* Work task
Range to reproduce from the entries below: the line with "Now 325% can", the line with "The patient is", and every line in between. Give them exactly and give nothing else.

====== The data ======

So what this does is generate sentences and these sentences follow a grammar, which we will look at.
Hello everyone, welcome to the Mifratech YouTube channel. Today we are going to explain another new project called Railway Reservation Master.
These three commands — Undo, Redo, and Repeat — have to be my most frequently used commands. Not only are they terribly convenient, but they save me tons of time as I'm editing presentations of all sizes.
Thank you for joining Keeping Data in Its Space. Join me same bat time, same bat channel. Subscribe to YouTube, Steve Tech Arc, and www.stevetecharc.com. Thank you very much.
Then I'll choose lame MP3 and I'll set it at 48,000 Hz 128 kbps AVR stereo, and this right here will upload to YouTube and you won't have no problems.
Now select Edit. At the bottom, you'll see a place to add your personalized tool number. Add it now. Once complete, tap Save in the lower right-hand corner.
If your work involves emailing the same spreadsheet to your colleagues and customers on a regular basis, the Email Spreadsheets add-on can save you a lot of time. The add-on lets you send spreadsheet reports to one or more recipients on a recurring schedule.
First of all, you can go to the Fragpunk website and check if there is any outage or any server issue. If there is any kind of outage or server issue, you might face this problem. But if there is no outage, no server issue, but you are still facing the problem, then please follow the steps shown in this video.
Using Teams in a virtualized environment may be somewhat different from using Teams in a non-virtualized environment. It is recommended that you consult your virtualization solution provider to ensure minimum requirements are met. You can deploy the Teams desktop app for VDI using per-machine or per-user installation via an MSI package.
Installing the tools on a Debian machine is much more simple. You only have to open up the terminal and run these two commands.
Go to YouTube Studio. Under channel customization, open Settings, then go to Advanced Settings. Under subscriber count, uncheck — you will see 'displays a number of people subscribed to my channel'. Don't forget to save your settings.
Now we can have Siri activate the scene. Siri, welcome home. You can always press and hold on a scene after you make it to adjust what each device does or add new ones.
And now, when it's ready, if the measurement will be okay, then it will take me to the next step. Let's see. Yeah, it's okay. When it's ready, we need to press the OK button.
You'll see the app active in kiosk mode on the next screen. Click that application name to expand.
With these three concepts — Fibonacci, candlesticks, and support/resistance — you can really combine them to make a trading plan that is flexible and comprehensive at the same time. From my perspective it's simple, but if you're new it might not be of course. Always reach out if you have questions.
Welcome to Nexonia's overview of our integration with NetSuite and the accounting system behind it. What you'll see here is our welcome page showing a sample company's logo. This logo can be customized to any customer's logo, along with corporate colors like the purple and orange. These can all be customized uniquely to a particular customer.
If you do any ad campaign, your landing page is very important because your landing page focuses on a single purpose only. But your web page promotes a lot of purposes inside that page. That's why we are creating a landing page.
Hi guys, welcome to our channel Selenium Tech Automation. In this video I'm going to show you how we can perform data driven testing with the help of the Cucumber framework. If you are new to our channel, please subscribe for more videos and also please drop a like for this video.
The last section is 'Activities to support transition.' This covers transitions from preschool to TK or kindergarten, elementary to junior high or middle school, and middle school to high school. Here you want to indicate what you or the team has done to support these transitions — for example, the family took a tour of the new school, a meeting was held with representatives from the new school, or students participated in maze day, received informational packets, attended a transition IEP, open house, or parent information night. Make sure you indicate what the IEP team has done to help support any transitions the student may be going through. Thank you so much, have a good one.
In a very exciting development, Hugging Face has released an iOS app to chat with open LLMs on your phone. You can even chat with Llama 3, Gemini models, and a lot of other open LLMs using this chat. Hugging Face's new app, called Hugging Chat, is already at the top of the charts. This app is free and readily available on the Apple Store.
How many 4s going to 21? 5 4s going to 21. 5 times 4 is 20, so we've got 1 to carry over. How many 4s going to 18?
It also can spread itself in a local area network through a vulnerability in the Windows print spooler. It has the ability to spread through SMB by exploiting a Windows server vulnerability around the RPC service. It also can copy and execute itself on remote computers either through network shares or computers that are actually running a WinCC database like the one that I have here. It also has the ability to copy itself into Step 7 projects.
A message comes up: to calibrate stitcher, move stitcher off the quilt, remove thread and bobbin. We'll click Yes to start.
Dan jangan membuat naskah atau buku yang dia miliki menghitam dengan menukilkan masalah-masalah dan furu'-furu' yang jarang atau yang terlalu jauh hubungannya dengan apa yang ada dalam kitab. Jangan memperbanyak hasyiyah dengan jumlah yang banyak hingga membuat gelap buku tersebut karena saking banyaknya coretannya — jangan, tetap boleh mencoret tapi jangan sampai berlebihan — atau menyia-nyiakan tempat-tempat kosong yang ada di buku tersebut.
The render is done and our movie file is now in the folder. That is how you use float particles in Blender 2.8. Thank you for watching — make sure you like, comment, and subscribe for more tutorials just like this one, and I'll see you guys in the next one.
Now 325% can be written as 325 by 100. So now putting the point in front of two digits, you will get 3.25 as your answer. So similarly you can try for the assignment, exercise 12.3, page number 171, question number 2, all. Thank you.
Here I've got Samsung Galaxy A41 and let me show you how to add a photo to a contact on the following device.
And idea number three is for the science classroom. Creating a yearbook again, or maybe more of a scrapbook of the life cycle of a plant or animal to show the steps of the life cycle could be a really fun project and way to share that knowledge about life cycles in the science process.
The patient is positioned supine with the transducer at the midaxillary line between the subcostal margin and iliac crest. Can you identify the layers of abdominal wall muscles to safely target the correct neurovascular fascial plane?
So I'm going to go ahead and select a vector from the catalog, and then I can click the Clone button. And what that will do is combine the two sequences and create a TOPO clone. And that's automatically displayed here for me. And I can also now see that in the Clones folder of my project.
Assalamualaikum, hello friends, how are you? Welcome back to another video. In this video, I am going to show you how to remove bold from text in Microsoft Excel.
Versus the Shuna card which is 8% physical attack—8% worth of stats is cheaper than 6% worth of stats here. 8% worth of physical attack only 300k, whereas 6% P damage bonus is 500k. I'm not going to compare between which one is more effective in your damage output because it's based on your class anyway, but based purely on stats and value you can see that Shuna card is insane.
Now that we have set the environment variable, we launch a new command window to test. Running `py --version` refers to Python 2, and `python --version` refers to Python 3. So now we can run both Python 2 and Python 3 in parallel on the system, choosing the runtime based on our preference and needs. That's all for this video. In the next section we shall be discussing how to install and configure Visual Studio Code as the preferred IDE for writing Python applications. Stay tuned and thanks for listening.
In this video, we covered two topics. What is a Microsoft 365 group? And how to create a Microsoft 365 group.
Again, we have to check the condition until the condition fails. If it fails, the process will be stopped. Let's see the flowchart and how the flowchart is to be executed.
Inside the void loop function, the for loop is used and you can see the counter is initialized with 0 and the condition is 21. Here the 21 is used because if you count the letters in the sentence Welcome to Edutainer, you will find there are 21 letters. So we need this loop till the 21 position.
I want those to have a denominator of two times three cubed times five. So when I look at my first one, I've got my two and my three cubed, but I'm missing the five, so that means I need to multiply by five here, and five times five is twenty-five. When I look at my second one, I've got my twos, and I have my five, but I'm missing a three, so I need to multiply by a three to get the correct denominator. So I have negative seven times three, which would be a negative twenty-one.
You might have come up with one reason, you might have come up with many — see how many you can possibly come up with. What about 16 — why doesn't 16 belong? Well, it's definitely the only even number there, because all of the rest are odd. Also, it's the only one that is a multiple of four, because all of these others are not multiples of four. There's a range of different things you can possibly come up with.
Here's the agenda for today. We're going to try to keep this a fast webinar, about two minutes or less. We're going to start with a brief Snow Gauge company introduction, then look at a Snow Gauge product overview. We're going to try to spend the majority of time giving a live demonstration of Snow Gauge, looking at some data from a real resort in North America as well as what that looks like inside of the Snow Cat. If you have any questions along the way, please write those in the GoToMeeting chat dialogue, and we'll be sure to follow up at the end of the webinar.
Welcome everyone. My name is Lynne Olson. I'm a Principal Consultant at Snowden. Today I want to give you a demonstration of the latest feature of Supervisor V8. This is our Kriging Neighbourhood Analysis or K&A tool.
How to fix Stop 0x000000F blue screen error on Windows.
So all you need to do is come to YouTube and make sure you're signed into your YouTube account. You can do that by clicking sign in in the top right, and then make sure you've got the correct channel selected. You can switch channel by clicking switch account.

======

* Solution to this exercise
Now 325% can be written as 325 by 100. So now putting the point in front of two digits, you will get 3.25 as your answer. So similarly you can try for the assignment, exercise 12.3, page number 171, question number 2, all. Thank you.
Here I've got Samsung Galaxy A41 and let me show you how to add a photo to a contact on the following device.
And idea number three is for the science classroom. Creating a yearbook again, or maybe more of a scrapbook of the life cycle of a plant or animal to show the steps of the life cycle could be a really fun project and way to share that knowledge about life cycles in the science process.
The patient is positioned supine with the transducer at the midaxillary line between the subcostal margin and iliac crest. Can you identify the layers of abdominal wall muscles to safely target the correct neurovascular fascial plane?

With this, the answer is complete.